Simons Vater Cornelis Weiman war an Bord der KLM-Boeing, die am 27. März 1977 bei der Flugzeugkatastrophe auf Teneriffa zerstört wurde. Keiner der Insassen überlebte. Ein halbes Jahr später, am 4. September 1977, wurde Simon in Amsterdam geboren, und weil er keinen Vater mehr hatte, übernahm er schließlich den Friseur-Salon seines Großvaters Jan: „Chez Jean“. Simon wohnt über dem Salon, und die Immobilie gehört ihm. Es fehlt ihm an nichts, zumal er anspruchslos und alles andere als ehrgeizig ist. Deshalb genügen ihm vier Kunden am Tag. Hin und wieder nimmt er einen Mann mit ins Schlafzimmer, aber feste Beziehungen vermeidet er.

Seine Mutter Anja betreut mit ihrer Freundin Henny gemeinsam eine Gruppe geistig behinderter Jugendlicher in der Schwimmhalle. Als Henny kurzerhand mit ihrem neuen Freund, einem schwarz arbeitenden Handwerker, nach Teneriffa fliegt und sich nicht absehen lässt, wann sie zurückkommt, drängt Anja ihren Sohn, für Henny einzuspringen.

Der 18-jährige Igor kann zwar nicht sprechen, sieht aber ungewöhnlich gut aus und erinnert Simon an eines seiner Idole, den eleganten russischen Schwimmer Alexander Wladimirowitsch Popow. Anja entgeht nicht, dass ihr Sohn eine Erektion bekommt, als Igor sich im Wasser an ihn klammert.

Im Salon taucht ein ebenfalls schwuler Schriftsteller auf, der Eindrücke für einen geplanten Roman über einen Friseur sammeln möchte. Als er hört, dass Simons Vater nach der Flugzeugkatastrophe auf Teneriffa vor vier Jahrzehnten für tot erklärt wurde, ohne dass seine Leiche identifiziert werden konnte, stellt er dazu Fragen – und weckt nun auch Simons Interesse an den Ereignissen von damals.
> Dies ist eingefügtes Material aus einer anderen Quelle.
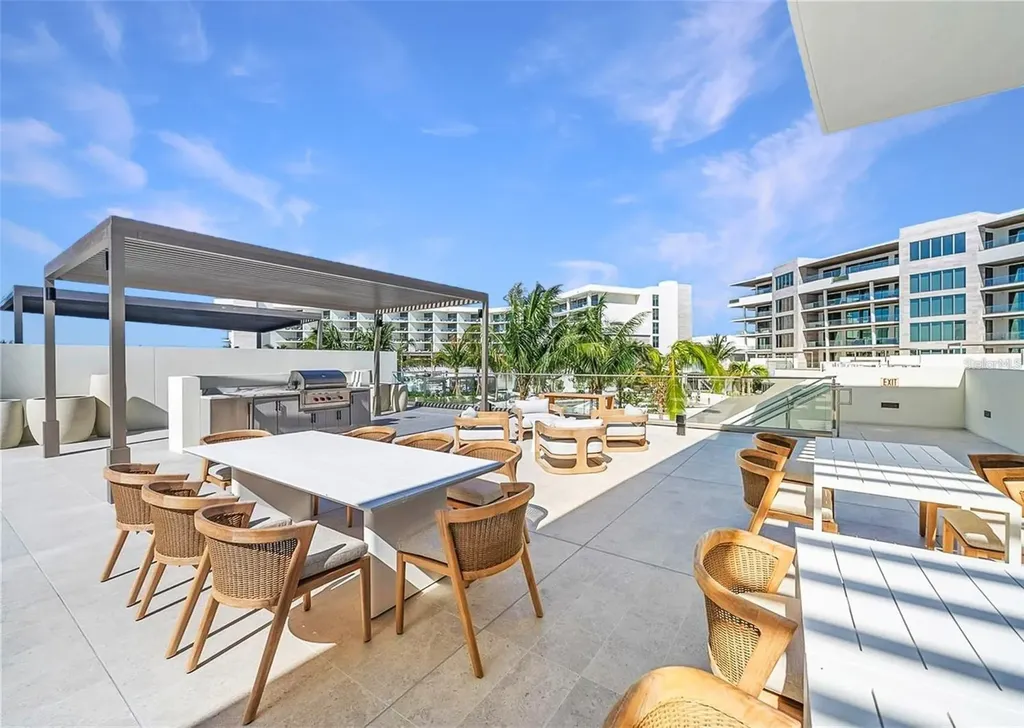 1581 Gulf Of Mexico Drive Longboat Key FL 34228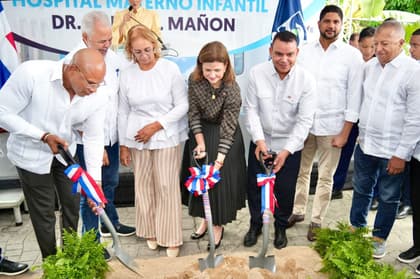 Raquel Peña encabeza inicio de obras en hospital y entrega centro médico en San Cristóbal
Er googelt, bis er weiß, wie es zu der Flugzeugkatastrophe kam. Dabei findet er auch heraus, dass Evelyn („Eve“) Meyer (1928 – 1977) unter den Toten war, Playmate vom Juni 1955 und von 1952 bis 1969 mit Russ Meyer verheiratet. Vom Großvater erfährt Simon, dass in der KLM-Maschine auch Jacob Willems war, ein 21-jähriger Praktikant im Friseursalon „Chez Jean“.

Cornelis

Cornelis Weiman schleicht sich aus dem Haus und fährt mit dem Praktikanten seines Vaters Jan zum Flughafen Schiphol. Jakob Willems gehört zu einer Reisegesellschaft der Holland International Travel Group, die eine KLM-Boeing gechartert hat. Der schwule 21-Jährige überredete Simon, mitzukommen, und Cornelis Weiman bekam ohne Weiteres einen Platz als Einzelreisender in der Maschine.

Weil der Zielflughafen auf Gran Canaria gesperrt ist, wird die KLM-Maschine am 27. März 1977 nach Teneriffa umgeleitet. Die Stunden bis zum Weiterflug verbringen die Fluggäste in der Wartehalle des Flughafens Los Rodeos. Aber in dieser Zeit kommt Cornelis zur Besinnung – und als das Boarding erfolgt, bleibt er zurück.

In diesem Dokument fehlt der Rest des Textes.